START Excerpted data

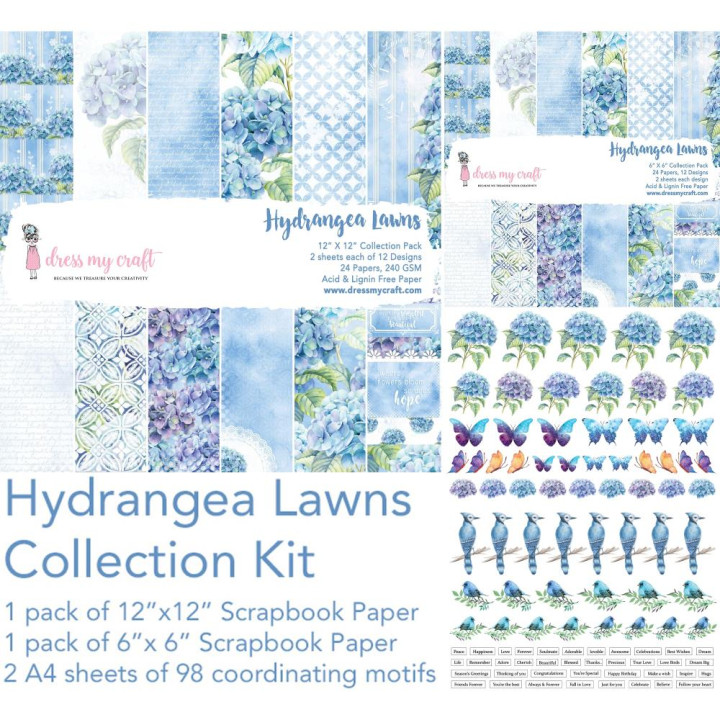 Набір паперу Dress My Craft Collection Kit Hydrangea Lawns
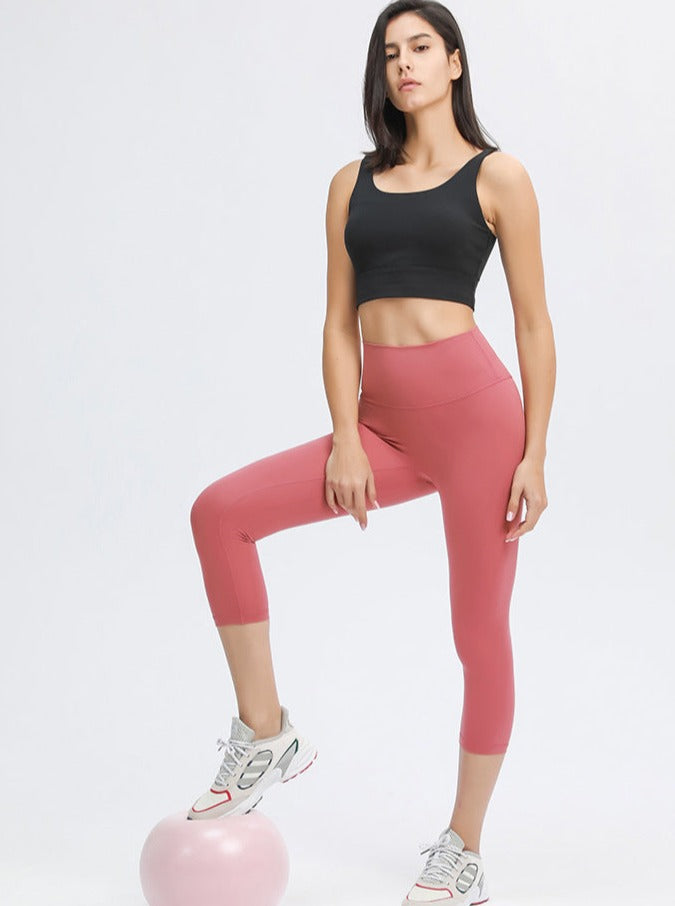 Pantaloni da yoga per esercizi a vita alta elasticizzati rosa fragola 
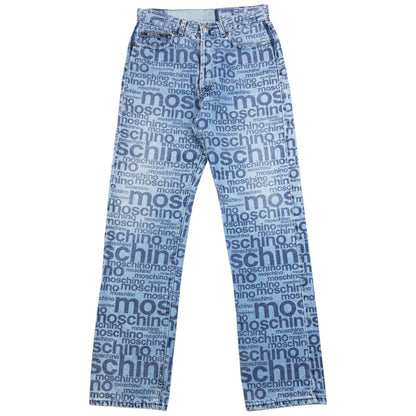 Vintage 2000s Moschino Jeans Monogram Denim Jeans Size W28 | W28, Blue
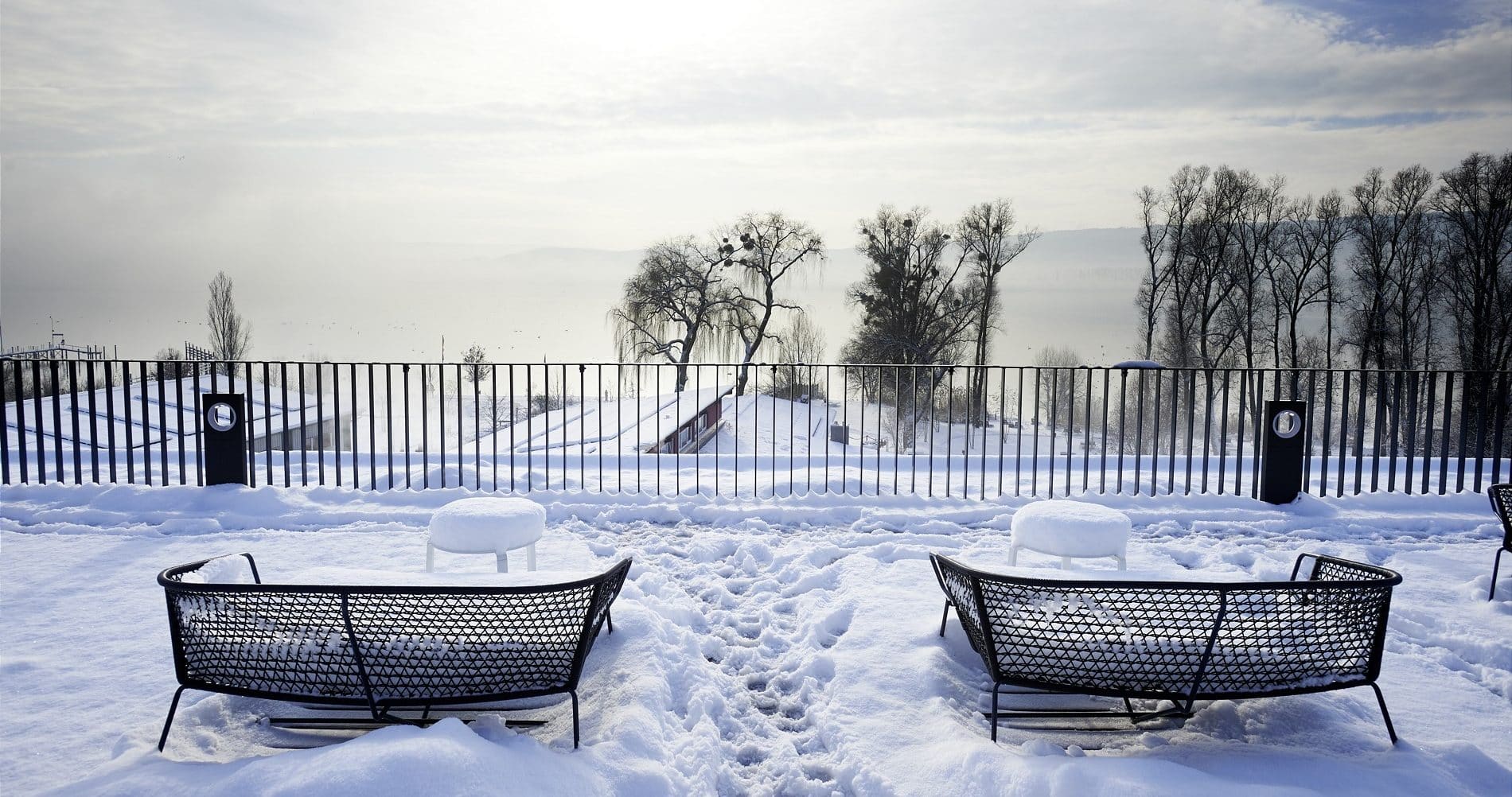 Ausblick von der Skylounge im Winter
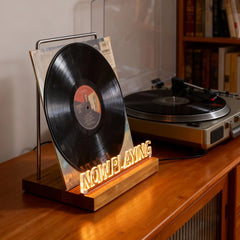 YICKYUE - Vinyl Record Holder Stand, Coffee Shop Decor Aesthetic CD Shelf Display Rack, Retro Wooden Cookbook Stand for Kitchen Counter Ru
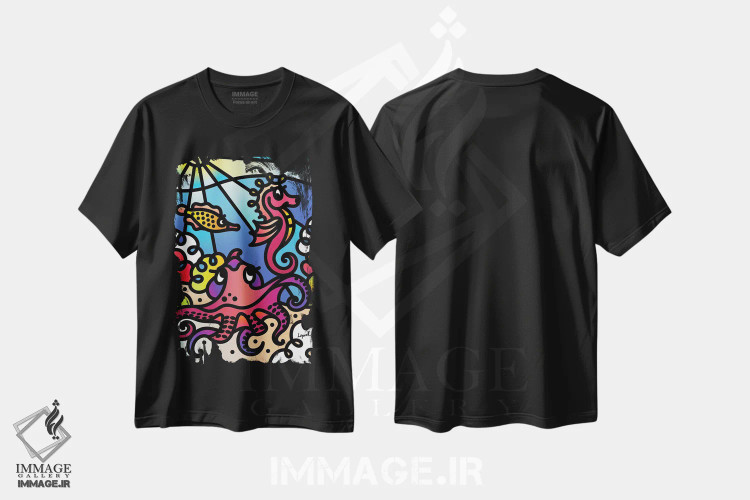 تیشرت مشکی طرح دار دریا قسمت دوم، هنر دیجیتال اثر لیزا لوپاک | immage.ir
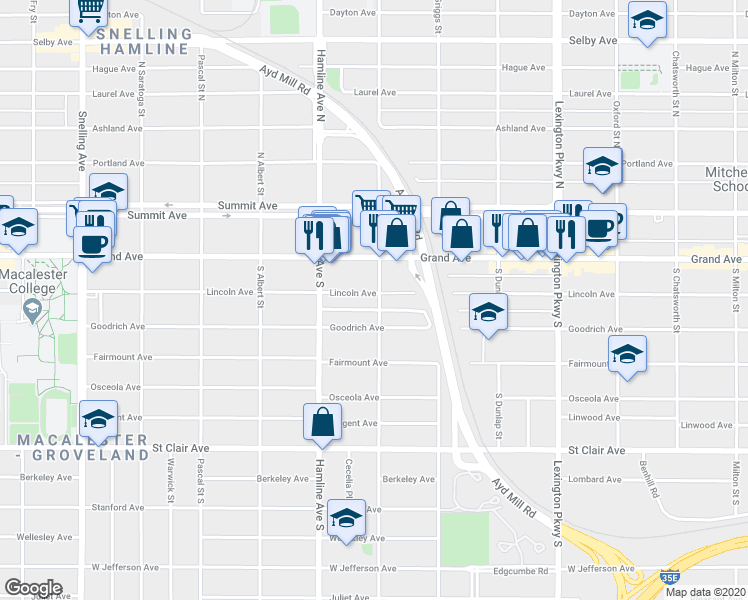 map of restaurants, bars, coffee shops, grocery stores, and more near 1282 Lincoln Avenue in Saint Paul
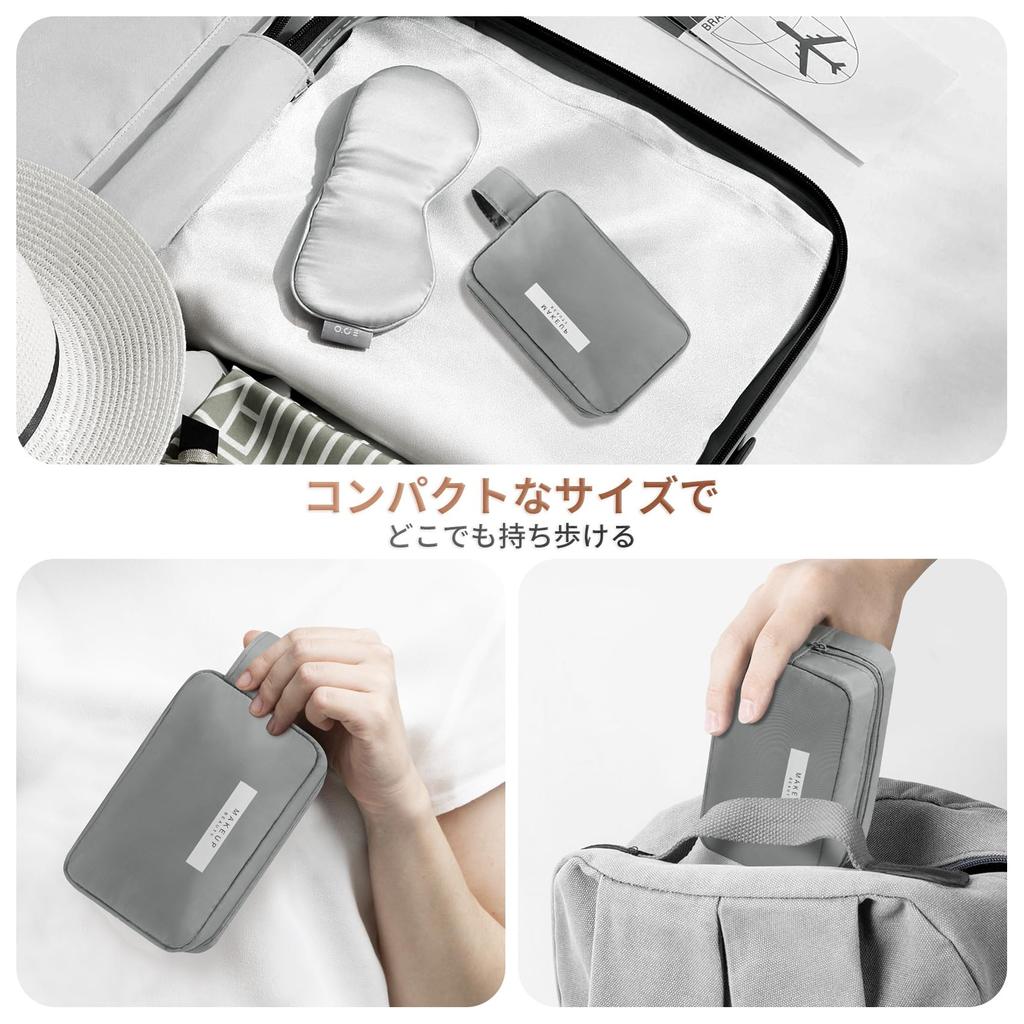 Keilend Makeup Small Cosmetic Pouch for with Handle for Cosmetic Perfect for Travel and Business Gray Pouch, Portable, Travel, Women, Divided,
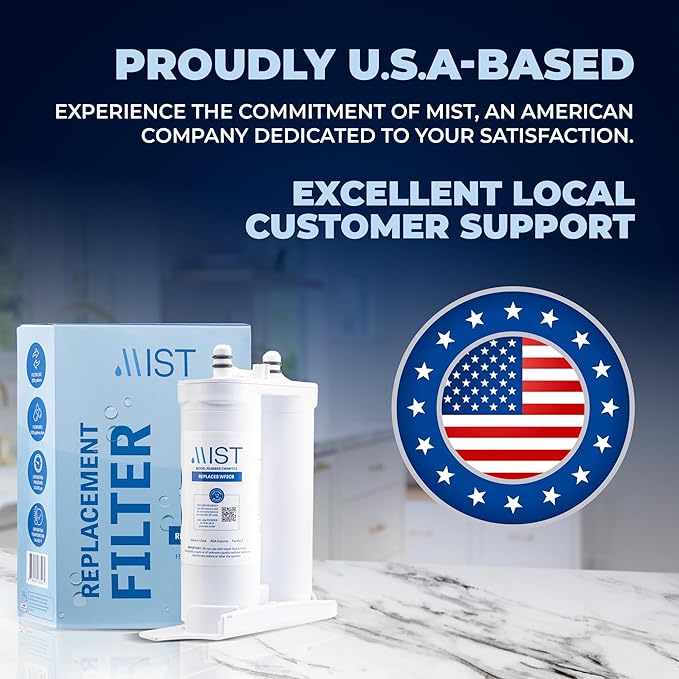 Mist WF2CB Water Filter Replacement for Frigdaire & Electrolux, Refrigerator Water Filter compatible with PureSource2, FC100, Kenmore 9916, 469916, EWF2CBPA, NGFC 2000-WF2CB (2 pack)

END Excerpted data

* Exercise prompt *
Write out the material exactly as it stands, omitting every picture.

* Exercise solution *
 Набір паперу Dress My Craft Collection Kit Hydrangea Lawns
 Pantaloni da yoga per esercizi a vita alta elasticizzati rosa fragola 
 Vintage 2000s Moschino Jeans Monogram Denim Jeans Size W28 | W28, Blue
 Ausblick von der Skylounge im Winter
 YICKYUE - Vinyl Record Holder Stand, Coffee Shop Decor Aesthetic CD Shelf Display Rack, Retro Wooden Cookbook Stand for Kitchen Counter Ru
 تیشرت مشکی طرح دار دریا قسمت دوم، هنر دیجیتال اثر لیزا لوپاک | immage.ir
 map of restaurants, bars, coffee shops, grocery stores, and more near 1282 Lincoln Avenue in Saint Paul
 Keilend Makeup Small Cosmetic Pouch for with Handle for Cosmetic Perfect for Travel and Business Gray Pouch, Portable, Travel, Women, Divided,
 Mist WF2CB Water Filter Replacement for Frigdaire & Electrolux, Refrigerator Water Filter compatible with PureSource2, FC100, Kenmore 9916, 469916, EWF2CBPA, NGFC 2000-WF2CB (2 pack)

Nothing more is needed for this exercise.